## PROMPT
Exactly reproduce the data from its first line through the line with "Herbeau ''Royale'' 2", leaving out every line after it.

## EXERCISE DATA
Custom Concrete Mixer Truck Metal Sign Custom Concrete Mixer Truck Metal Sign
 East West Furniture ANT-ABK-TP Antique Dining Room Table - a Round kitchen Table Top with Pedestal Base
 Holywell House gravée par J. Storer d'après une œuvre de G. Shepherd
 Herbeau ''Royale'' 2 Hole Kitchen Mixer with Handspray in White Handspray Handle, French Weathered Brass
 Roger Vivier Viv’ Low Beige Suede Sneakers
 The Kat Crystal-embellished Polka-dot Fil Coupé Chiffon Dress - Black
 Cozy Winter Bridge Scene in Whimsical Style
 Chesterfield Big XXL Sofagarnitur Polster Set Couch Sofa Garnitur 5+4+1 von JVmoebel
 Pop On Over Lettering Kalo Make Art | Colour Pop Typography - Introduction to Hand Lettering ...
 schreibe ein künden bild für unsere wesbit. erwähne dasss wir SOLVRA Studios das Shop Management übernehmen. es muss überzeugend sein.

## WRITTEN RESPONSE
Custom Concrete Mixer Truck Metal Sign Custom Concrete Mixer Truck Metal Sign
 East West Furniture ANT-ABK-TP Antique Dining Room Table - a Round kitchen Table Top with Pedestal Base
 Holywell House gravée par J. Storer d'après une œuvre de G. Shepherd
 Herbeau ''Royale'' 2 Hole Kitchen Mixer with Handspray in White Handspray Handle, French Weathered Brass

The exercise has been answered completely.